UN’s Balkan war crimes tribunal re-elects President and Vice-President to new terms

Judge Patrick Robinson of Jamaica, President of the International Criminal Tribunal for the former Yugoslavia (ICTY)
The two most senior officials of the United Nations war crimes tribunal set up to try people accused of committing the worst offences during the Balkan conflicts of the 1990s have been elected to another stint in office, the court announced today.

Judge Patrick Robinson of Jamaica and Judge O-Gon Kwon of the Republic of Korea (ROK) were re-elected on Monday as President and Vice-President by the permanent judges of the International Criminal Tribunal for the former Yugoslavia (ICTY).

The tribunal, which is based in The Hague, elected President Robinson and Vice-President Kwon by acclamation to new two-year terms starting on 17 November.

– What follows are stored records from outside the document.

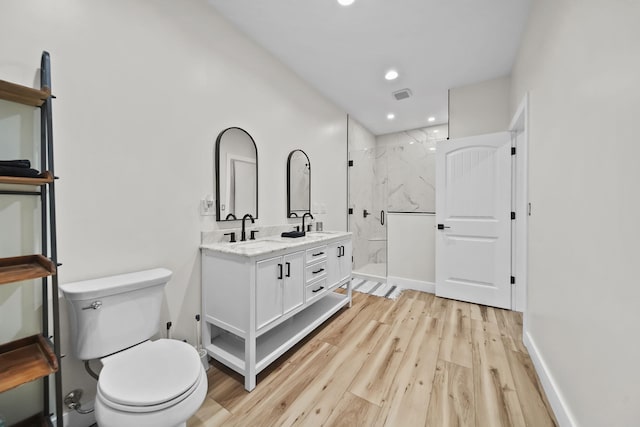 7450 Sears Rd, Horton, MI 49246 - bathroom featuring toilet, wood finished floors, visible vents, a sink, and a marble finish shower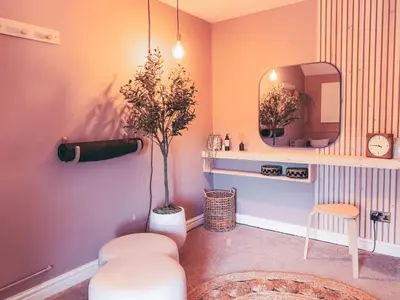 a room with a mirror and a chair and a stool at North Lakes - The Byre Holiday Cottage in Penrith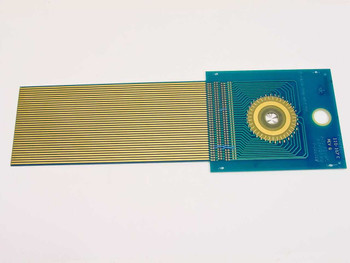 110-147C Rev G DAS Device PCB reverse side view showing gold finger flex ribbon extending left and radial contact array visible on right side of teal board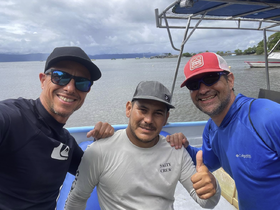 Three crew members pose for a cheerful selfie aboard their boat, showcasing camaraderie and the spirit of adventure on the water.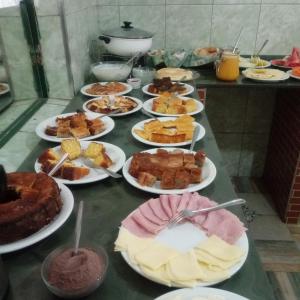 a table full of different types of food on plates at Hospedaria de Maria in Tiradentes +43 photos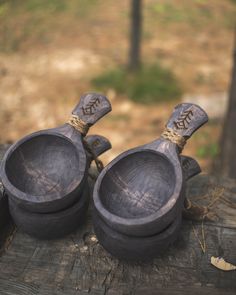 two wooden spoons sitting on top of a piece of wood with writing on them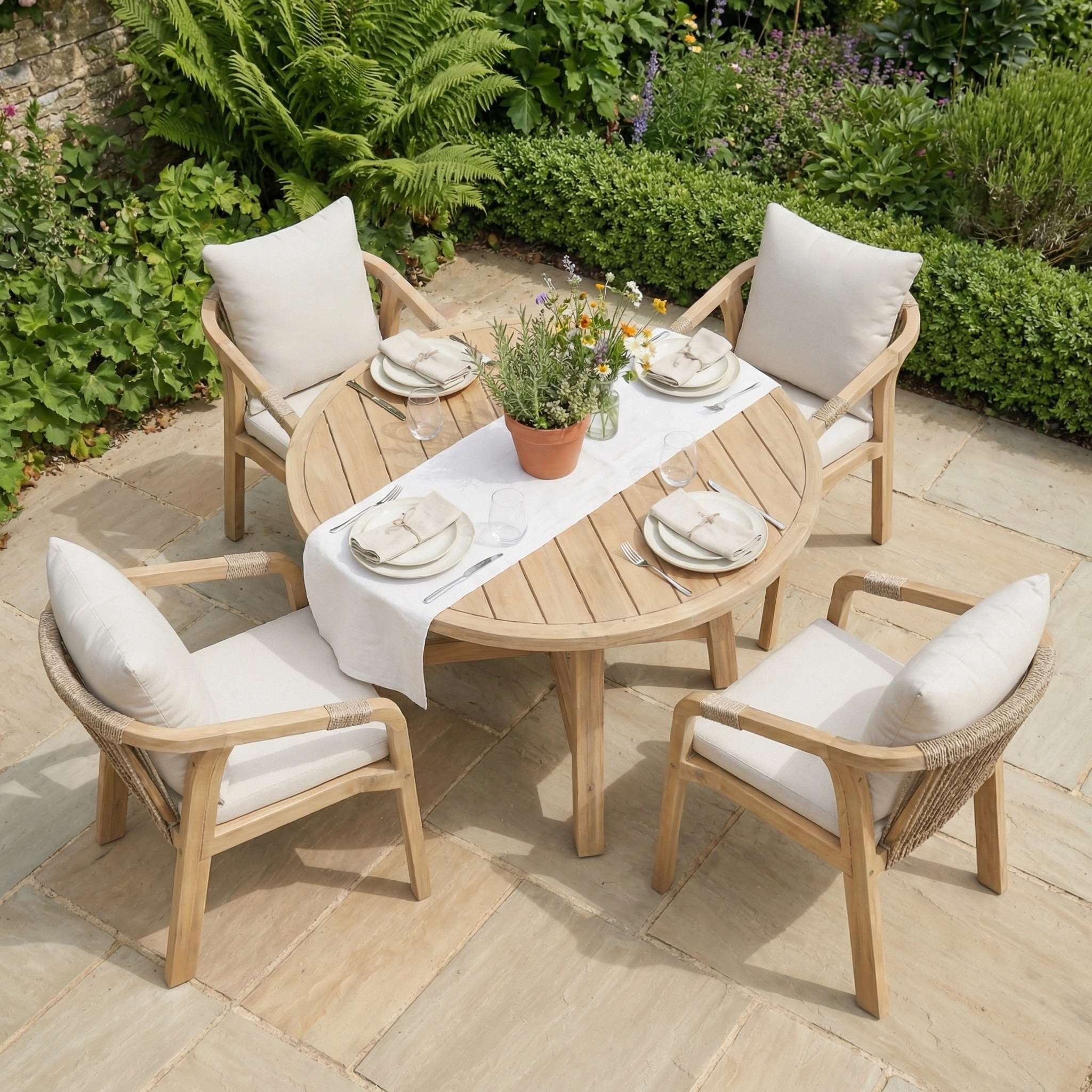 The Quay 4 Seat Round Dining Set in Linen features rope backrest chairs and a round wooden table, styled outdoors with plates and a potted plant centerpiece.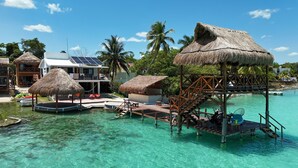 Ein Resort mit überwasser Bungalows, klarem türkisblauem Wasser und einer mit Reet gedeckten Struktur.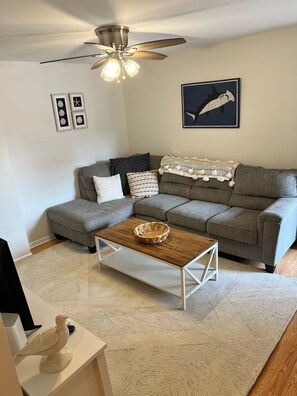 Ein Wohnzimmer mit Ecksofa, Couchtisch aus Holz, Deckenventilator und Wandbildern.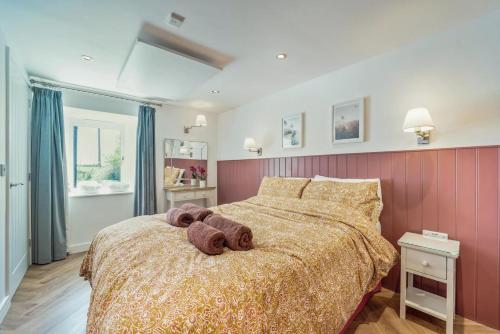 a teddy bear laying on a bed in a bedroom at 1 Bed in Stewarton oc-c44699 in Stewarton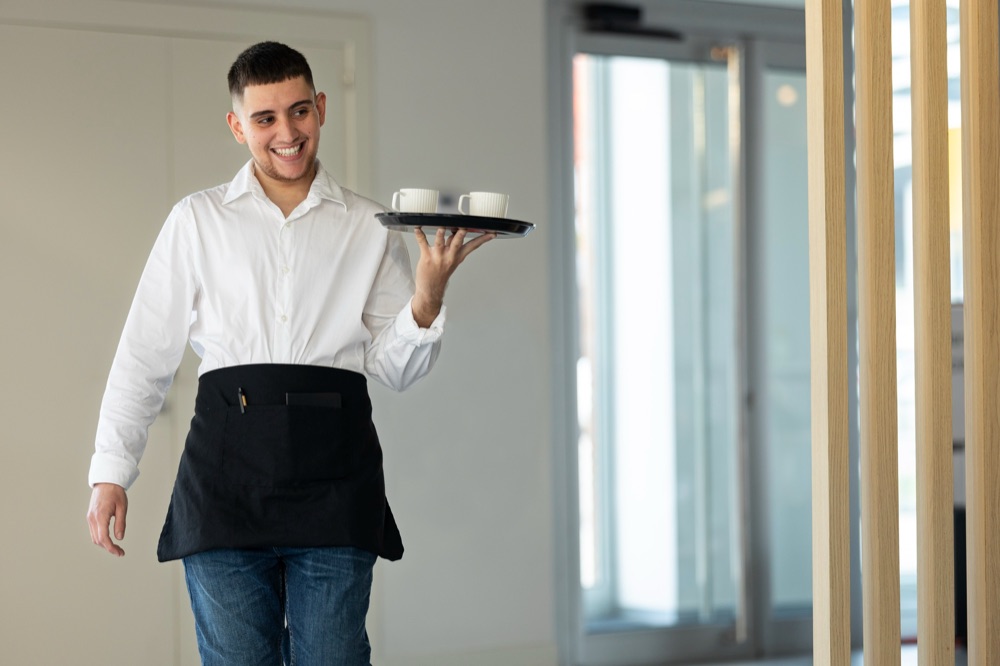 Trained service staff carrying a tray of drinks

Both judges took up their posts on the same date in 2008.

Since its establishment in 1993, the ICTY has indicted 161 people suspected of war crimes.

While proceedings are ongoing against 41 of the accused, including the former Bosnian Serb leader Radovan Karadžic, proceedings have been concluded against 120, with two suspects – Bosnian Serb military chief Ratko Mladic and the ethnic Serb politician Goran Hadžic – still at large.